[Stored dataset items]
= Beginning of Section =
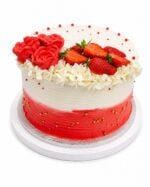 Luxury Tall Strawberry & Rose Fresh Cream Cake decorated with smooth white and red ombre fresh cream, handcrafted fresh cream roses, fresh strawberries, delicate white flowers, and gold sugar pearls. Freshly made in Sheffield.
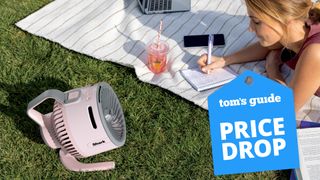 A woman outside using the Shark FlexBreeze fan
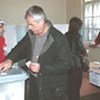 Pristina voter casts his ballot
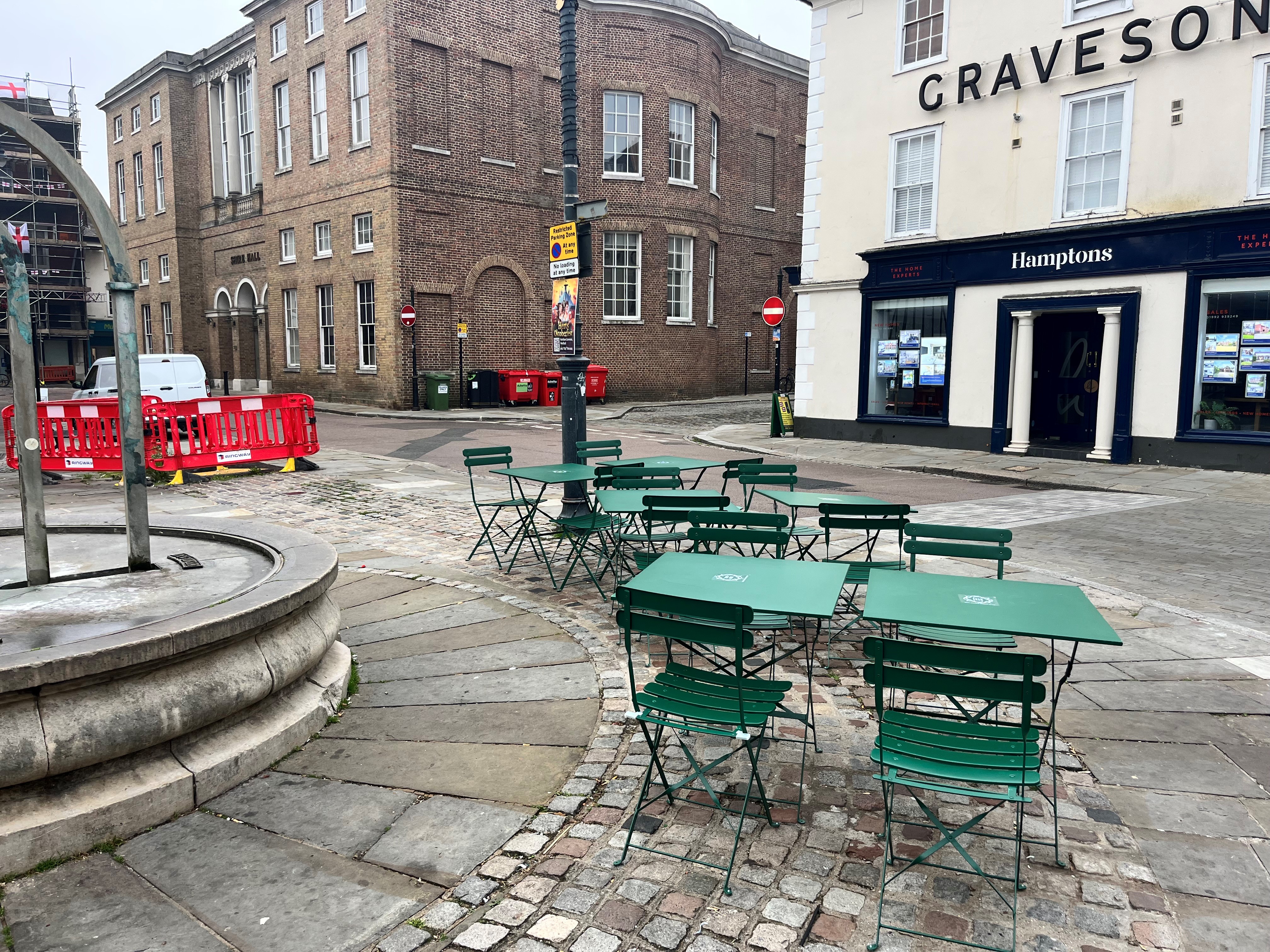 Tables and chairs positioned on the pavement opposite Brew Garden, Hertford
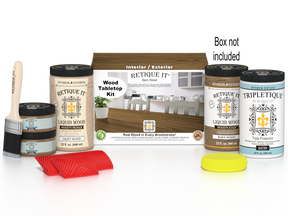Retique It® Wood'n Finish Kit with four large containers of barn wood stain, displayed on a tabletop with applicator brushes.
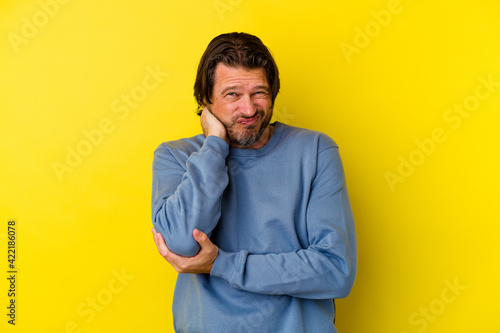 Middle age caucasian man isolated on yellow background massaging elbow, suffering after a bad movement.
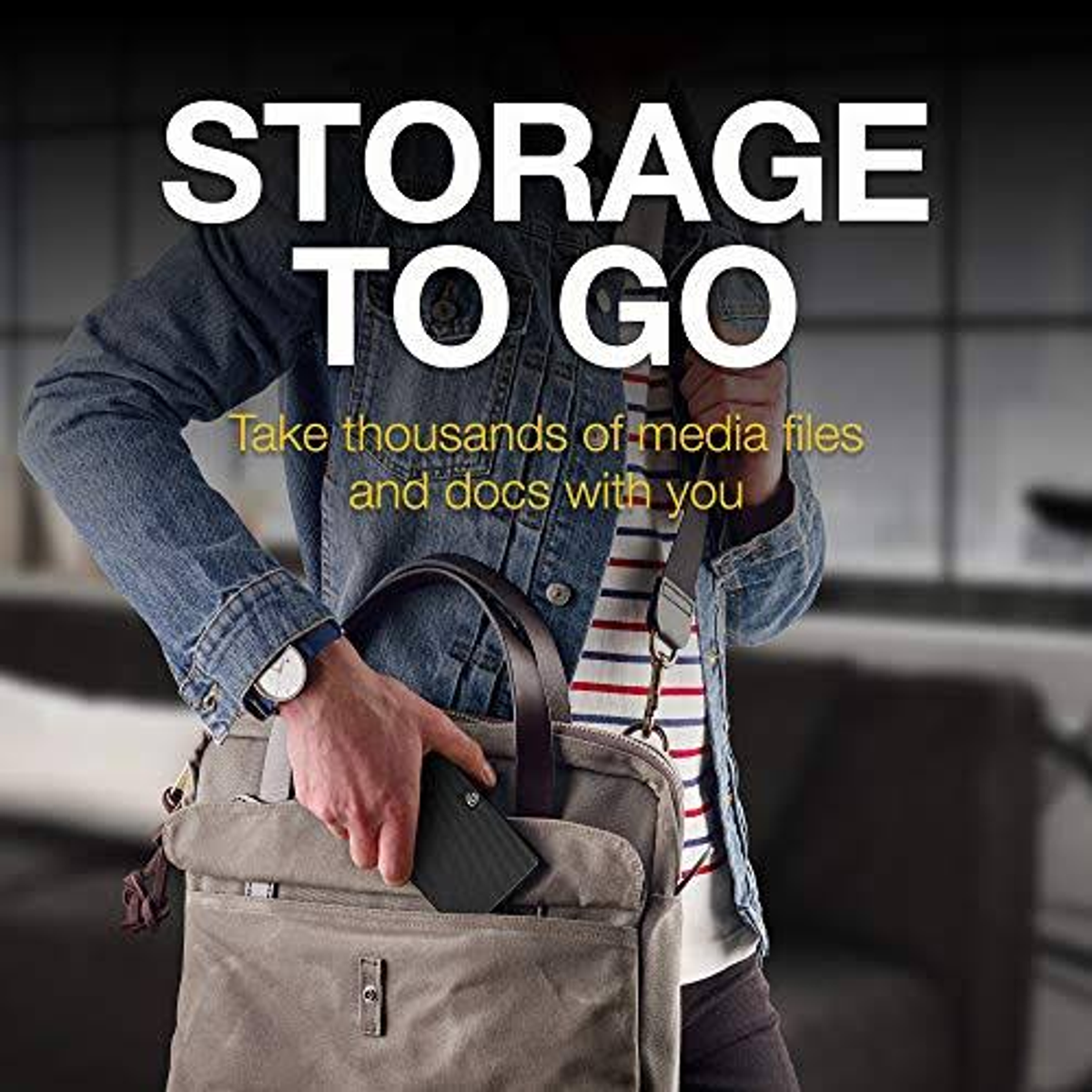 Osoba trzyma szarą torbę z czarnym urządzeniem. Nakładka tekstowa: 'STORAGE TO GO'.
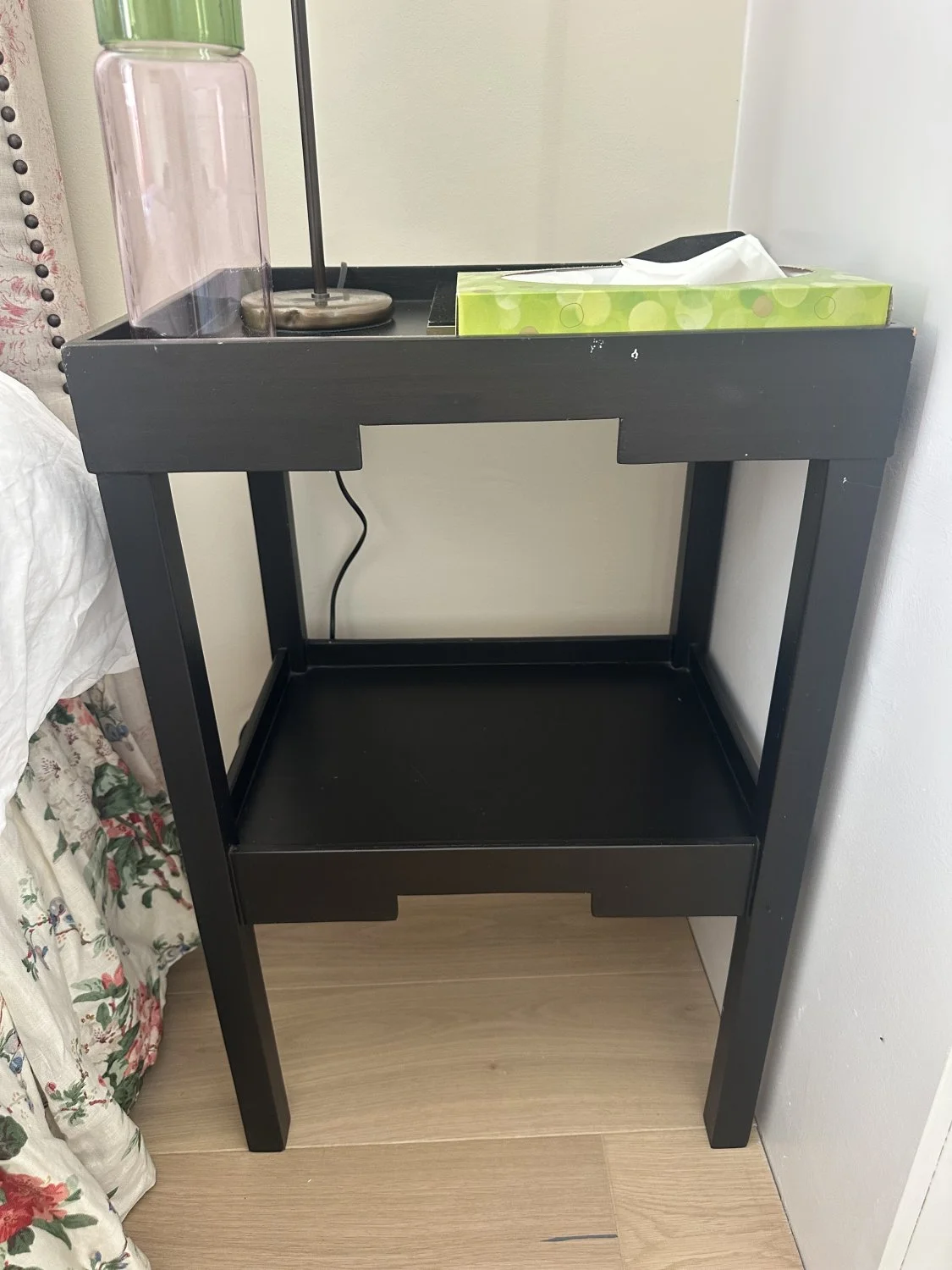 A pair of Modern black side tables with storage shelf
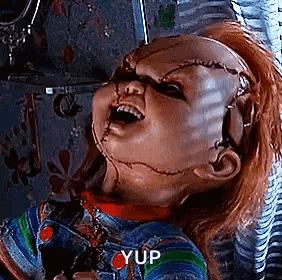 Chucky Holding Scissors With Mouth Open GIF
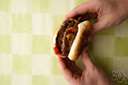 burger - a sandwich consisting of a fried cake of minced beef served on a bun, often with other ingredients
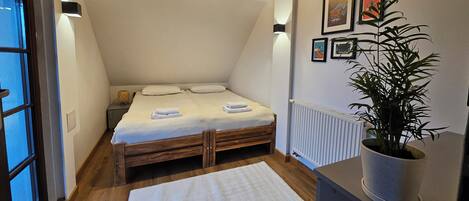A small, cozy bedroom with a sloped ceiling, a wooden bed, a white rug, a potted plant, and framed pictures on the wall.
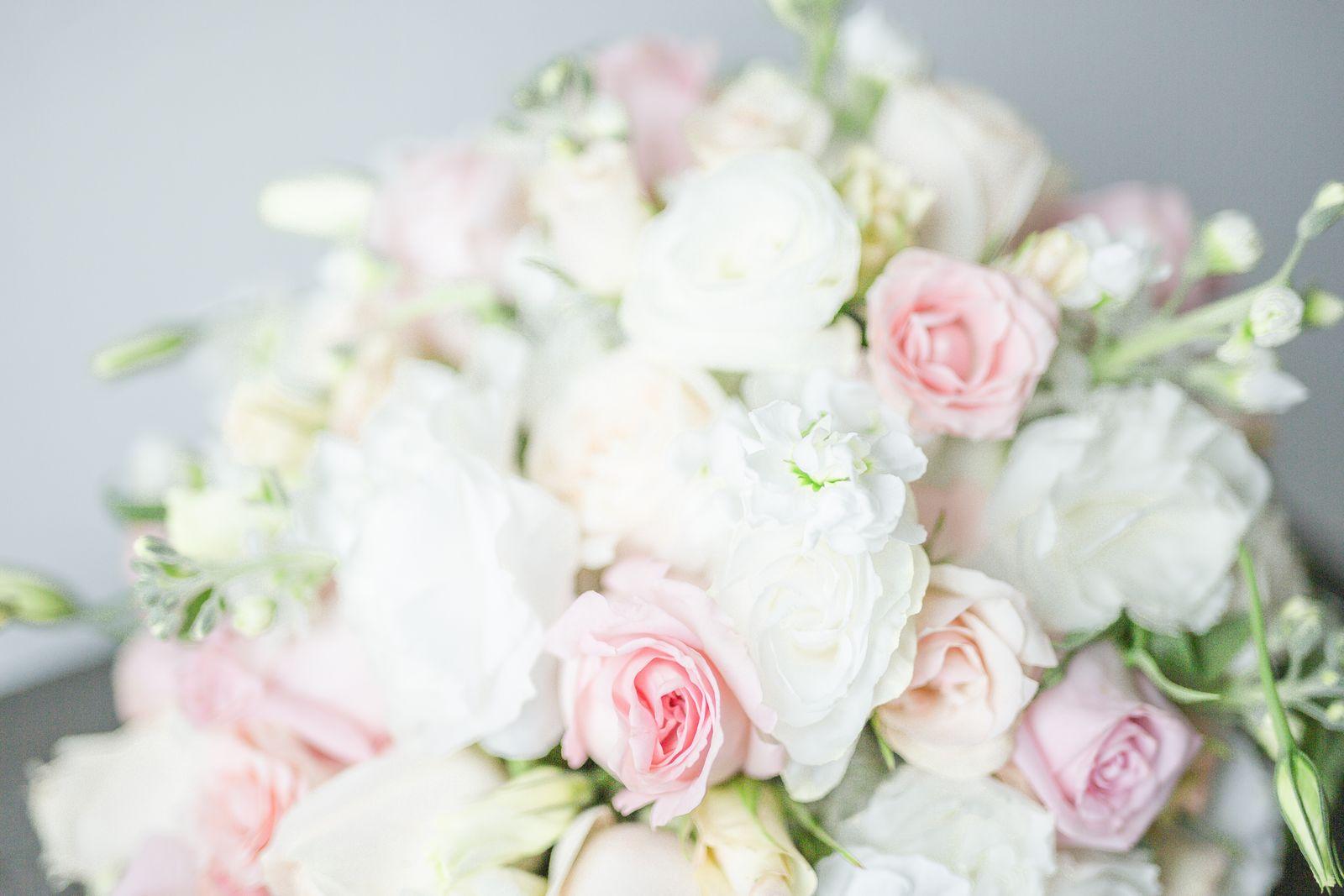 A soft bouquet of pink and white roses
= End of Section =
> Exercise:
From the records given above, reproduce all text exactly and exclude each picture.

> Written solution:
 Luxury Tall Strawberry & Rose Fresh Cream Cake decorated with smooth white and red ombre fresh cream, handcrafted fresh cream roses, fresh strawberries, delicate white flowers, and gold sugar pearls. Freshly made in Sheffield.
 A woman outside using the Shark FlexBreeze fan
 Pristina voter casts his ballot
 Tables and chairs positioned on the pavement opposite Brew Garden, Hertford
Retique It® Wood'n Finish Kit with four large containers of barn wood stain, displayed on a tabletop with applicator brushes.
 Middle age caucasian man isolated on yellow background massaging elbow, suffering after a bad movement.
 Osoba trzyma szarą torbę z czarnym urządzeniem. Nakładka tekstowa: 'STORAGE TO GO'.
 A pair of Modern black side tables with storage shelf
 Chucky Holding Scissors With Mouth Open GIF
 burger - a sandwich consisting of a fried cake of minced beef served on a bun, often with other ingredients
A small, cozy bedroom with a sloped ceiling, a wooden bed, a white rug, a potted plant, and framed pictures on the wall.
 A soft bouquet of pink and white roses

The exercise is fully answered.